CORD : Troubleshooting CORD with Elastic Stack

Pending Release: This documentation pertains to a set of features that are under development. This line will be removed when they become available.

CORD comes with Elastic Stack baked into it. CORD components are instrumented with logging capabilities that collect enough context centrally for a CORD operator to be able to gather information about errors, investigate anomalies, construct a high-level view of system behavior, or simply watch operations unfold in a centralized UI. An attempt has been made to collect rich structured log data, which can be used to extract information at a high granularity.

Example Queries

Here are examples of queries that can be run using this facility:

Get a high level overview of CORD function, such as phases of the installation
Get Ansible logs for a particular object in the data model
Get all Ansible logs with failures, in a particular component, e.g. a synchronizer
Get logs pertaining to a particular slice, which are also associated with a given controller or a given user
Get the versions of a particular package (e.g. docker) that were installed as part of the installation process
Get a list of Python exceptions for all of CORD in a given interval of time
Stream log messages for a particular Synchronizer

Enable Elastic Stack

To enable Elastic Stack, run the cord-in-a-box script as usual, without the -k option. This will bring up a Vagrant VM with the name elastic, which will run Logstash, ElasticSearch and Kibana. You can connect to the Kibana web interface to visualize the data collected by connecting to port 5601 via your web browser. You can forward that port to your local machine using the following command:

ssh -L 5601:elastic:5601 <ssh url of machine>

and then browse to localhost:5601

Overview of Kibana

TBA

Logging data in a Synchronizer

To log data within a Synchronizer, you can use the XOS logger. Here's an example:

logger.info('Database initialization succeeded',extra={'username':username})

The above call logs a status message, and associates with it the tag 'username' set to a string. Later, a user can search for messages with username set to 'bob.'

If there is a data model object associated with the operation, then you can tack this information on, by using the object's serializer:

logger.info('Database initialization succeeded',extra = db_object.tologdict())

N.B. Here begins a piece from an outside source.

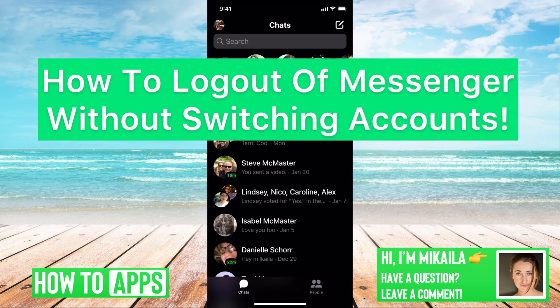Hey guys, it's Mikayla and today I'm going to show you how to log out of your Messenger without switching accounts. It's pretty quick and simple, so let's jump in.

Doing so will associate all of the fields in the database object with the log line.

Logging data outside of a Synchronizer

There are two ways of logging data from a component that is external to your synchronizer implementation. The first is to send logs formatted via JSON to the IP address of the elastic VM, over UDP port 5617. See the example on this page for details: Logstash example. The second is to use the logstash_tail FIXME tool, which is part of CORD. logstash_tail is able to parse the output of Ansible and convert it into structured information that can be used in filters and queries.

You can use it as follows:

some_command | logstash_tail -elastic_ip <ip address of elastic>

or set it to watch for updates in a given log file:

logstash_tail -elastic_ip <ip address of elastic> -f <path to log file>

Currently, we support the following log formats:

Ansible playbooks
apt installation

CORD tags

CORD operations are associated with rich context information that run from the top level of the data model, to operations on the substrate, such as via Ansible. When you log using library functions provided by XOS and the Synchronizer framework, this context is automatically incorporated in your logs. For example, if a Synchronizer step logs a warning, then it automatically gets associated with the name of the model being synchronized, as well as the object id of the object in question.

If you run external operations, such as commands in a shell script, and have the associated data model information at hand, then consider passing it to the shell script and adding it to the json data that you send to elastic.

logstash_tail -elastic_ip 10.2.2.50 -f install_db.out -tags model_name:DBService,object_id:17,global_tag:Installing DB

From within the Synchronizer, consider adding structured logging information in the log dictionary, instead of writing it in plain text.

I.e. instead of:

logger.info('Length of list: %d First element: %s'%len(lst),lst[0])

use:

logger.info('Received list of NICs',extra={'len':len(lst), 'first':lst[0]})

Here is a list of tags you can use, along with a description of each one:

global_tag

Describes what the system is doing at the top level. E.g. titles that summarize the stages of the installation. This will be the first thing that a user looks at to get a birds-eye-view of operations.

model_name and id

The name of the model and the id of the object with which an operation is associated

synchronizer_name

The name of the synchronizer.